··· Records to use

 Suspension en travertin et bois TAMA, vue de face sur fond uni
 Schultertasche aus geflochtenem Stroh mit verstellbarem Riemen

······
··· Records to use

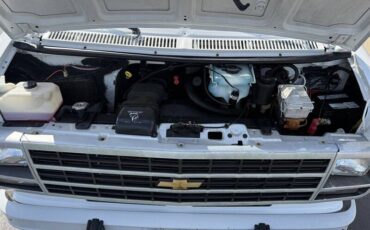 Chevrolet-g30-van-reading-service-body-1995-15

······
··· Records to use

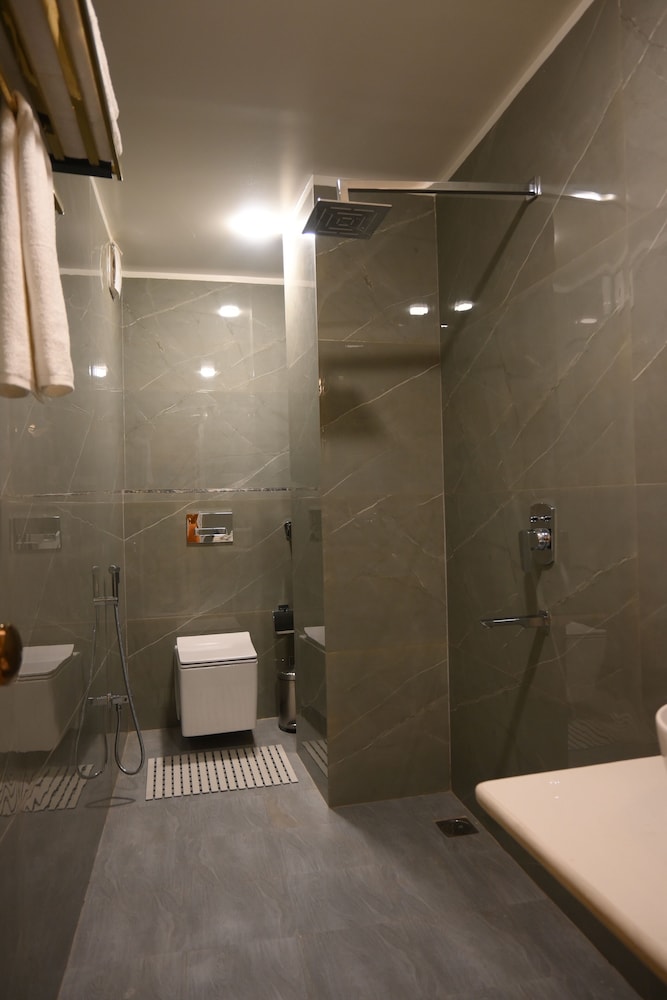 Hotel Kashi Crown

······

• [How to complete this task]: Extract the lines of the preceding material that run from the line with "Suspension en travertin" through the line with "Schultertasche aus geflochtenem", inclusive, reproducing them exactly and adding nothing.

• [Output for this task]:
 Suspension en travertin et bois TAMA, vue de face sur fond uni
 Schultertasche aus geflochtenem Stroh mit verstellbarem Riemen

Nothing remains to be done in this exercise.